If cache is on, any performance discrepancy can be explained away by "usage patterns" :)

Also, do you really mean turn off write-through, or did you mean write-behind? (I can't see how write-through would cause corruption, but maybe I'm missing something...)

Also, I wouldn't be surprised if there's a discrepancy in the flushing code across systems. God knows flushing a file to disk in cross-platform code is an arcane science :)

And finally, as somebody else pointed out, LevelDB seems to order write access sequentially as much as possible.


Bindings for Node.js if anyone is interested: https://github.com/creationix/node-leveldb


From the announcement: it has already been ported to a variety of Unix based systems, Mac OS X, Windows, and Android.

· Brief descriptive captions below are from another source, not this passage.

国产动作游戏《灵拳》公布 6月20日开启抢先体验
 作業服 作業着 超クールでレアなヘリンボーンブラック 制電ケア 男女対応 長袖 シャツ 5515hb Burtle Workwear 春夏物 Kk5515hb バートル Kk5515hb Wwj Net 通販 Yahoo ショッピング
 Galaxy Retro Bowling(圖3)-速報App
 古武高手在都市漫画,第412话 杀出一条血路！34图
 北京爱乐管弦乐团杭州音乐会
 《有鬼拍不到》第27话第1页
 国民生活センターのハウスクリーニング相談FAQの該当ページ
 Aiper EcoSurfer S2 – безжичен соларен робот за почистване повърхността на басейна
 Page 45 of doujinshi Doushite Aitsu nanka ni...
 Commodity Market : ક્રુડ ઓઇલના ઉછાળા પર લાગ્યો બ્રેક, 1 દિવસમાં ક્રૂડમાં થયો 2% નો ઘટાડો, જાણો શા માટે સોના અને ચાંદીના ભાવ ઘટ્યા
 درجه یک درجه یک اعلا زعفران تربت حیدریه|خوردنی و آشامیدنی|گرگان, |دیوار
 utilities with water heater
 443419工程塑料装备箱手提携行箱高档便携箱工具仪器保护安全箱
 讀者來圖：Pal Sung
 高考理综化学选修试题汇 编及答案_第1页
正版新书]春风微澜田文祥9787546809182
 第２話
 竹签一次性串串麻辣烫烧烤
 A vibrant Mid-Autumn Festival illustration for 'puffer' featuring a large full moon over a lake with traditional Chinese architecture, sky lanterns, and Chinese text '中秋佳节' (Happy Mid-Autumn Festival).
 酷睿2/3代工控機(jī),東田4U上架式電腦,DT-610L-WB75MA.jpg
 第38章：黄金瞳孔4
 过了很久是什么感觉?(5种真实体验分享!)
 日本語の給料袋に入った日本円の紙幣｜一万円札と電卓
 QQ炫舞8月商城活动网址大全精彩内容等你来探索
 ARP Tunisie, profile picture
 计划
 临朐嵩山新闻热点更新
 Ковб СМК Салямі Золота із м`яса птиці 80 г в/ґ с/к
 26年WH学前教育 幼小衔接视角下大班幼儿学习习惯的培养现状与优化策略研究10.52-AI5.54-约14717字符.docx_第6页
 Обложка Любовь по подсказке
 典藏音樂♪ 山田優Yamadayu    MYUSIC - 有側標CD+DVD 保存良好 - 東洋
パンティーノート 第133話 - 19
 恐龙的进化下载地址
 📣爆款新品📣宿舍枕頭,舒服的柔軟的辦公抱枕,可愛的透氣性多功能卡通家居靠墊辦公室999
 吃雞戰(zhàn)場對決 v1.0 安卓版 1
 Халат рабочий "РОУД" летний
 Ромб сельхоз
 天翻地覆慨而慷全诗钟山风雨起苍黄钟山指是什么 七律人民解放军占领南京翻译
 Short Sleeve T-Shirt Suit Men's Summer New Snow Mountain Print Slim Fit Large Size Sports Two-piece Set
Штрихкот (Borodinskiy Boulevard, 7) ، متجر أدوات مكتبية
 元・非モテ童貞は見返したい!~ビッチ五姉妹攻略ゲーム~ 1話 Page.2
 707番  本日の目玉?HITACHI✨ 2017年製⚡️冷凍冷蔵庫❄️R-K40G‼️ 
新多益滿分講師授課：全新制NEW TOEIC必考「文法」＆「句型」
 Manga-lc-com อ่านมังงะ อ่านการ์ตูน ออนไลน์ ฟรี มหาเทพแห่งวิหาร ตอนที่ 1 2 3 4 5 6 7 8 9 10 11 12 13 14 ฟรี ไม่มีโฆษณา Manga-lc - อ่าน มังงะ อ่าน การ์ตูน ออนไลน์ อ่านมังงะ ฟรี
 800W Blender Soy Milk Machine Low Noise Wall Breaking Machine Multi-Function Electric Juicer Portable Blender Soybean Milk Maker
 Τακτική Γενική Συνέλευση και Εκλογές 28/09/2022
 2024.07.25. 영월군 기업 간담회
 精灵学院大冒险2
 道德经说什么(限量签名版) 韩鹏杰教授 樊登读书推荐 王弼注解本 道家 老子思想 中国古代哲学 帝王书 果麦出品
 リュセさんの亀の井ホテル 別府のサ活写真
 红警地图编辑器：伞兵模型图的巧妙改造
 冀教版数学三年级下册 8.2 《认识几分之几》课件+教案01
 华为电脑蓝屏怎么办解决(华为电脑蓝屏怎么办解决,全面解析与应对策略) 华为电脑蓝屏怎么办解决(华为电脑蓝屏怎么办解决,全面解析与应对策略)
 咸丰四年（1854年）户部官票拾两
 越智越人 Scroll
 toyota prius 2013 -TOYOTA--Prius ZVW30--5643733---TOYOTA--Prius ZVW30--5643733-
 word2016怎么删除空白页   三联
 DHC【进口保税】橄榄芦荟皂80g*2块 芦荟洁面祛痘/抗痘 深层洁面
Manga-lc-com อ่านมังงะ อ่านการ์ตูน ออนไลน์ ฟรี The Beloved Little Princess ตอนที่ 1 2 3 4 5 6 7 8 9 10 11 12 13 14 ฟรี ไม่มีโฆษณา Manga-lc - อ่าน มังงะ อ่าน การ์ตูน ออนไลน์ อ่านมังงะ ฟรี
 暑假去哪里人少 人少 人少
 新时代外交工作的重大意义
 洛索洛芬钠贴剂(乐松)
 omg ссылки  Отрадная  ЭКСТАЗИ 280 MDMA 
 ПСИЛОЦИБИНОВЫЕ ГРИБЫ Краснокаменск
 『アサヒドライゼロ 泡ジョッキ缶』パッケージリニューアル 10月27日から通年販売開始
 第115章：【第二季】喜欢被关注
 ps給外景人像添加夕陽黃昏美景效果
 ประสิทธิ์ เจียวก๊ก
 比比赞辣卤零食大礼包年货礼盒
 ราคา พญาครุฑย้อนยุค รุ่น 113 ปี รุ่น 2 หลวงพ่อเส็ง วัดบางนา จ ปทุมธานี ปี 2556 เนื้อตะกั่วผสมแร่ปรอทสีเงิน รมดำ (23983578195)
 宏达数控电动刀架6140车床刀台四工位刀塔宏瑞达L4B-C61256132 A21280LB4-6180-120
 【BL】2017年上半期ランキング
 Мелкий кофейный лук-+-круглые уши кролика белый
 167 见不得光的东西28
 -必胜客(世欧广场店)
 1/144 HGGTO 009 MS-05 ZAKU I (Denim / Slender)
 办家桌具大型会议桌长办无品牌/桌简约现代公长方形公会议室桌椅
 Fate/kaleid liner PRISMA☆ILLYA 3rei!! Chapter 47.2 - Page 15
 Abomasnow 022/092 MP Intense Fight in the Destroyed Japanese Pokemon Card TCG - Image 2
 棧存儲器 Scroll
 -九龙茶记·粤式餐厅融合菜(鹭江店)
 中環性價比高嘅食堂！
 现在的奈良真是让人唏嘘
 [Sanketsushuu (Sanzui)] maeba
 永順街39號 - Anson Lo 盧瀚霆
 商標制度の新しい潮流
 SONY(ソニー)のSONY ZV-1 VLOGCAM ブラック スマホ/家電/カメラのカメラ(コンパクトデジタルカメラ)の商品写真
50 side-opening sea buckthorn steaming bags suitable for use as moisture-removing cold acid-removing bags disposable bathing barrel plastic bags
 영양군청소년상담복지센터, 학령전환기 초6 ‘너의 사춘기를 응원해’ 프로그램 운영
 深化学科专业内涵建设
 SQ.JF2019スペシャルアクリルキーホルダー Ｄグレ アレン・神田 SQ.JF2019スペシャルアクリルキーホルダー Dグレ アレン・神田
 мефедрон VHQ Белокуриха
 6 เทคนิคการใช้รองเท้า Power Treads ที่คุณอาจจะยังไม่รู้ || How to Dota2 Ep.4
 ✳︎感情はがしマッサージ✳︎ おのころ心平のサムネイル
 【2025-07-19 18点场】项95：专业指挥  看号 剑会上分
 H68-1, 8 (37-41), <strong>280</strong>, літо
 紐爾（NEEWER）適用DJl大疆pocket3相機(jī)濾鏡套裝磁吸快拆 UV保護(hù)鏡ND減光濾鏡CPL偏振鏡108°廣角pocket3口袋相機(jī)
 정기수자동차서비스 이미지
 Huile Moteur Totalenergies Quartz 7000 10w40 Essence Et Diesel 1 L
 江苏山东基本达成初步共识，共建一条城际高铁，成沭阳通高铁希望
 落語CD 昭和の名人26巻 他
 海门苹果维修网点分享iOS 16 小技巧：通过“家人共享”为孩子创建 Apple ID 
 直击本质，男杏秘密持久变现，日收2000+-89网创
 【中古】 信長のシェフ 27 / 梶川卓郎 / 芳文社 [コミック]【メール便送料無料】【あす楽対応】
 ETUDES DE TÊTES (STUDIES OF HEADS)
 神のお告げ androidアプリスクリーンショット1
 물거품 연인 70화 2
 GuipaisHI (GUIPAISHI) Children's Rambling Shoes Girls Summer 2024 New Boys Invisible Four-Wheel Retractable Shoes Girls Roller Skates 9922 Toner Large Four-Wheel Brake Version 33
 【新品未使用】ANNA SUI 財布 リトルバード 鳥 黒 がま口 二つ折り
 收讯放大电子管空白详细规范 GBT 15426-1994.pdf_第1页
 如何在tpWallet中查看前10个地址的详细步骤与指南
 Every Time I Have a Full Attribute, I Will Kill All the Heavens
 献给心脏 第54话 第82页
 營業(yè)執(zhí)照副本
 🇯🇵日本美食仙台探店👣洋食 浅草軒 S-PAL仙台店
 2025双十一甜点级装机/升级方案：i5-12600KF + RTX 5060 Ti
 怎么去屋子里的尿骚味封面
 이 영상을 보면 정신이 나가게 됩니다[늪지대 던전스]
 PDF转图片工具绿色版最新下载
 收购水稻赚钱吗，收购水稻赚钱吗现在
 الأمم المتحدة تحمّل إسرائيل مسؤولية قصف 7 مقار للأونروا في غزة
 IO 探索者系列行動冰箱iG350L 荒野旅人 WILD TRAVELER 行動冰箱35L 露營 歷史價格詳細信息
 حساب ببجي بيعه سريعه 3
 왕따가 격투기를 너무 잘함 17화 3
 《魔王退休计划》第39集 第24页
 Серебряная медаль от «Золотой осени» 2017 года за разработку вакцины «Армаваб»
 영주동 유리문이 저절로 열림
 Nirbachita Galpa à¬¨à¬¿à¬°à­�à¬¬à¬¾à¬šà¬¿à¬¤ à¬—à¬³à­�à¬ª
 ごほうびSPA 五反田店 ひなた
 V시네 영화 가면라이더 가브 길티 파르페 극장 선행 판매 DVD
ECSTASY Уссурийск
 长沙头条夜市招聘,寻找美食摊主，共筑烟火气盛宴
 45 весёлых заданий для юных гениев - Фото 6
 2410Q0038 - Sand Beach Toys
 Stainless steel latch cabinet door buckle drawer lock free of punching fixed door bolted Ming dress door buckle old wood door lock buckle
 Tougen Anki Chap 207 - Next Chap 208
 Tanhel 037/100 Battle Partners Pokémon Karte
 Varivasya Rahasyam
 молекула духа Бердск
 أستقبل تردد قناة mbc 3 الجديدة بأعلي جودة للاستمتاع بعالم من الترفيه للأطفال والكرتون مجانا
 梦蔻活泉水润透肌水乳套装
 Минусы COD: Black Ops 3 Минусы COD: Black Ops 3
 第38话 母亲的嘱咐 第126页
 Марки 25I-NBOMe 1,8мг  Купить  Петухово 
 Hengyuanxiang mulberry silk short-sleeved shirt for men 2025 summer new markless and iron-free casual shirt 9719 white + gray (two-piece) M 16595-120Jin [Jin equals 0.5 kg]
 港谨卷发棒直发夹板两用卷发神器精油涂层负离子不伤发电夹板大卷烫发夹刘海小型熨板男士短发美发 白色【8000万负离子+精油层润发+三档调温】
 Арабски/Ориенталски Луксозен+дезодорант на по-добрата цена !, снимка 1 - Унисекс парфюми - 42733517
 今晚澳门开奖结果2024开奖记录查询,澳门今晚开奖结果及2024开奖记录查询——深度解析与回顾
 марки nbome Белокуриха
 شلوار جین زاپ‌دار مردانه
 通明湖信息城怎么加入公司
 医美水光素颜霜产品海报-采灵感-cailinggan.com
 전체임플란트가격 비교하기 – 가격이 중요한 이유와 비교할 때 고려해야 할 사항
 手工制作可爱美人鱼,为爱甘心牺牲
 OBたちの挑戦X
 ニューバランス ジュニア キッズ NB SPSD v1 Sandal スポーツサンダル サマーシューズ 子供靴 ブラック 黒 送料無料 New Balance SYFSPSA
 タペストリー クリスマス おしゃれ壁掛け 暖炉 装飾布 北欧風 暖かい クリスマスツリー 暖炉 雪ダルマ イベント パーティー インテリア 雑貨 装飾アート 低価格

It's worth noting that the makefile includes options to build for iOS. I've successfully done it and my next iOS app will include LevelDB. Also worth noting, thanks to the iOS devices SSDs, it's much faster than with the traditional HDD machines.


Upcoming versions of the Chrome browser include an implementation of the IndexedDB HTML5 API that is built on top of LevelDB

Really excited about seeing IndexedDB run atop of this



Yes, we put up the Google Code site incognito mode back then, but have since added a number of bugfixes and optimizations, so we're actually comfortable announcing the project now.


Interesting how, like in the open-sourced protobuf, there are no commits by Jeff or Sanjay...


dgrogan and myself have been batching changes to LevelDB from our internal code repository to put them on the Google Code page. Playing Google Code site admin didn't seem to me like a good use of Jeff and Sanjay's time.


Yep, its great you guys could separate it from internal dependencies! Congrats.


Jeff and Sanjay wrote the original protocol buffer implementation. The project was taken over by Kenton Varda, who rewrote the C++ and Java parts; this is what was open sourced. See http://temporal.fateofio.org/files/resume


Which is what I point as being interesting.


How is this different than BDB?


BDB is a key\value store for unordered data more similar to Tokyo Cabinet hash databases. Tokyo Cabinet hash databases are a much faster option than BDB if you only need unordered data.

LevelDB is for if you need ordered data, and a more appropriate comparison would be against a B+\tree database.


LevelDB is for if you need ordered data

LevelDB is slower with random reads, but that doesn't mean you shouldn't use it for unordered data - it's still quite fast.


>LevelDB is slower with random reads, but that doesn't mean you shouldn't use it for unordered data - it's still quite fast.

In a positive analysis (should rather than shouldn't), assuming no default choice, it seems rational to use Tokyo Cabinet or CDB _hashmaps_ for unordered data, and LevelDB for ordered data, from a datastructure and performance standpoint. To assert more would probably need a specific use case for context.


In a positive analysis (should rather than shouldn't), assuming no default choice, it seems rational to use Tokyo Cabinet or CDB _hashmaps_ for unordered data, and LevelDB for ordered data, from a datastructure and performance standpoint.

It's as rational as doing optimizations. If the specific performance is extremely critical, yes, it definitely makes sense. But LevelDB does well with random reads [1]. With all its features and its permissive license, I think it's a strong contender as developer's go-to embedded key-value db, like SQLite for relational data.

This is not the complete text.